I decided to give the traverse a try in the opposite direction that the ill-fated climber took so that I’d be going up, not down, the hardest bits. We’d been working on improving sections of the Broken Hand Pass trail with the Rocky Mountain Field Institute and Mark Hesse of RMFI, wrote out a succinct page of beta with just enough info for me to find the route. An adventure was guaranteed by the broad strokes with which he described the route.
It was Friday the 13th and I left camp just as a blood-red sunrise stained the summits. Fittingly, I hustled up the the trail labeled “Friday the 13th Pass” on the OB master maps then out a narrow ridge that leads towards the north couloir of Crestone Peak. The gut of the couloir looked loose and gun-barrelish so I followed Mark’s directions and began climbing a face leading out of the gully. I moved quickly up the large cobblestone holds. Even though it was mid-August, it was below freezing in the shade of the summit and every once in a while I paused to rewarm stiff fingers. Near the top of the N couloir I crossed the loose redrock chute, and moved up a rib into the sunshine and onto the summit of Crestone Peak.
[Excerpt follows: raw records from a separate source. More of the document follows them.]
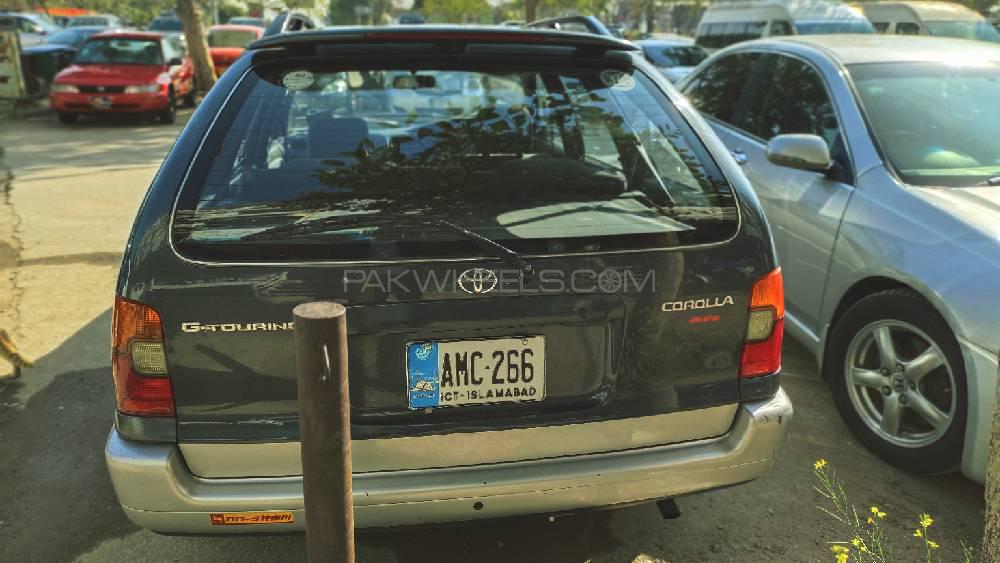Toyota Corolla 1992 for Sale in Islamabad Toyota Corolla 1992 for Sale in Islamabad Image-3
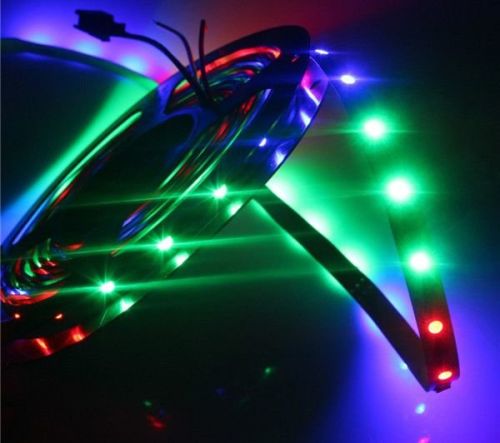 LED лента 5В 5050-60 14,4Вт RGB SMART IP20
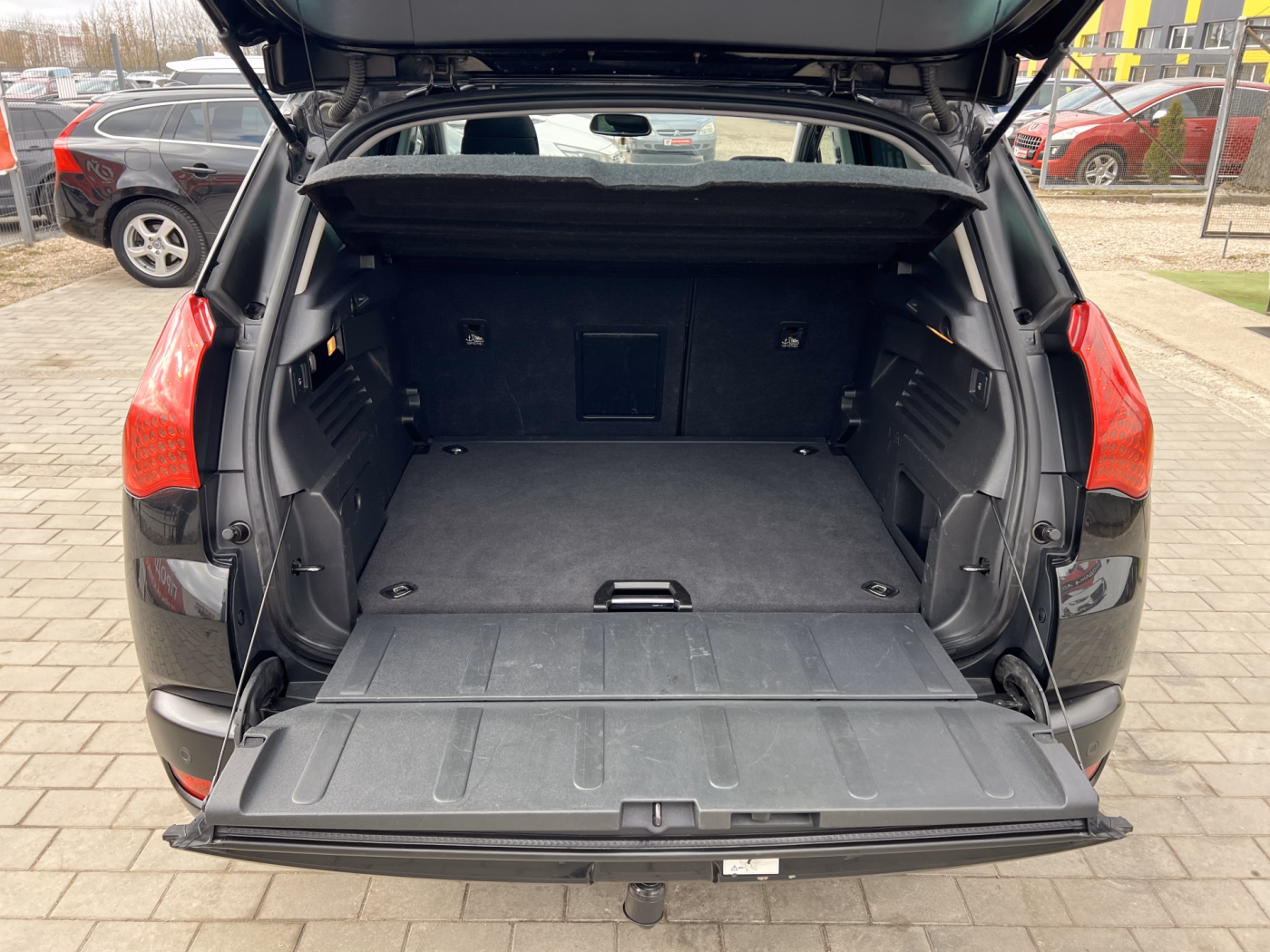 Peugeot 3008 фото 12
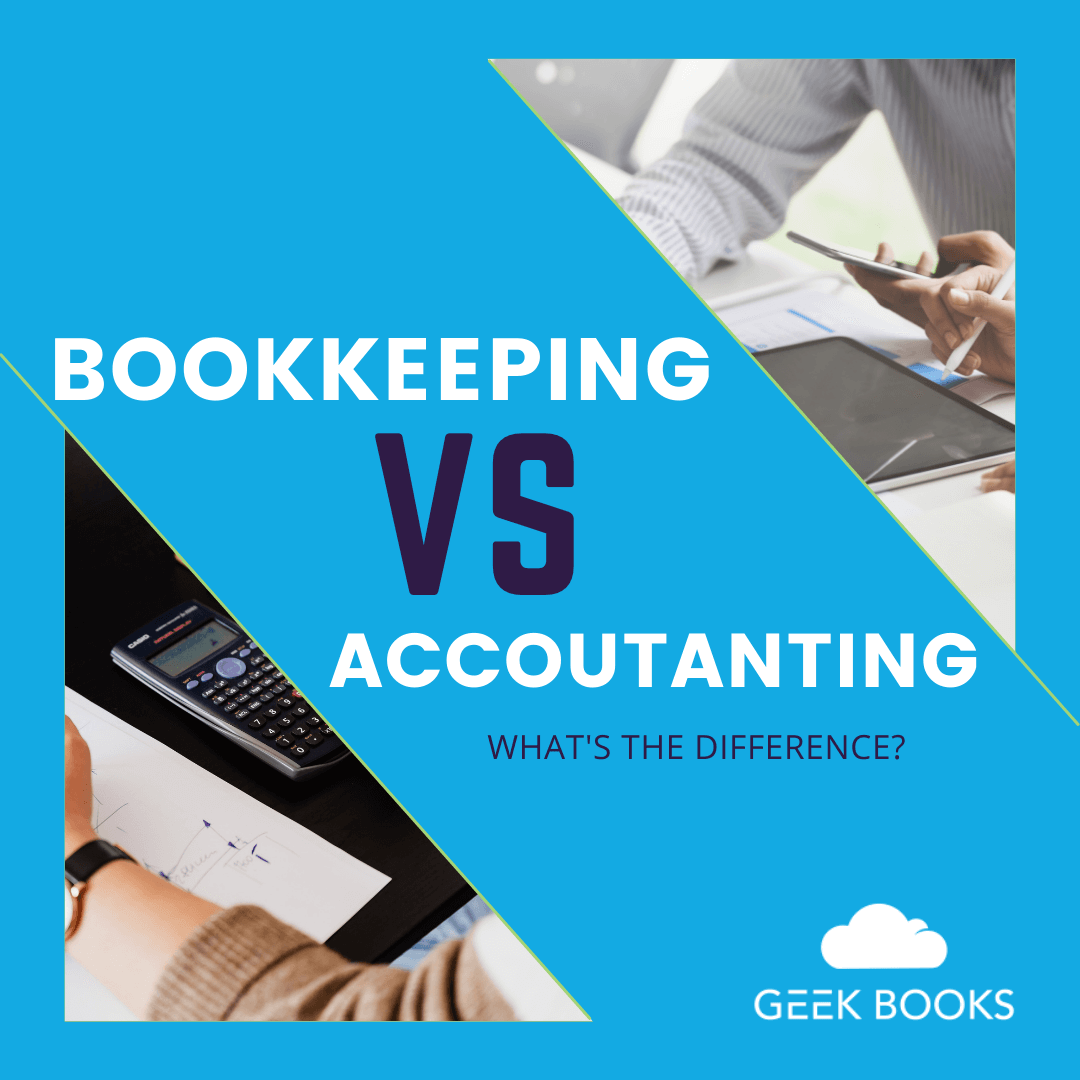 Bookkeeping Vs Accounting: What Are The Differences?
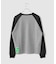 SAGE / セイジ Capsule Fade Waffle L/S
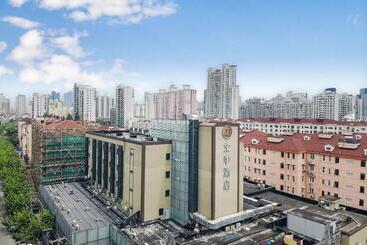 Ji Hotel Shanghai Guangda Liuzhou Road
I added a “Fri the 13th” salutation to the summit register then skittered down the south-facing Red Gully before spotting a carin marking the beginning the traverse towards the Needle. Linking grassy benches interspersed with 4th class conglomerate ridges led to the base of the Black Gendarme and the crux of the route. The weakness in the NW face of the Needle consists of a steep funnel of a gully obstructed by fridge-sized chockstones. Instead of following that chimney, I soloed the 5.6 face of the couloir on steep cobblestones and thereby lessened potential for getting conked by round clasts falling from above.
A few hundred feet further up, the final pitch to the summit of Crestone Needle is 5.easy but with 2000′ of air beneath one’s sneakers. That kind of exposure is what understated climbing guides call “attention getting” and so I climbed methodically, checking carefully for loose cobbles before transferring weight to the clast. Back in the sunshine on top, the sky was cloudless and I ate a late-morning lunch and watched climbers grunt to the top of the Ellingwood Arrete. Soon, other peak-baggers began reaching the summit and as I started down I made an effort to stay out of the gully that is the most popular route to the peak. The round clasts, remnants of an Ancestral Rocky Mountains riverbed, are easy to accidentally dislodge and loose upon climbers below.
Headed down Broken Hand Pass, I was glad to be back on a trail and out of the path of falling rocks. The traverse’s exposure and big views had been exhilarating but also risky because a small mistake could have large consequences. Back at camp I began my favorite backcountry celebration sequence: untied shoes, peeled socks, rinsed off grime, and sat in the sunshine making pizza dough.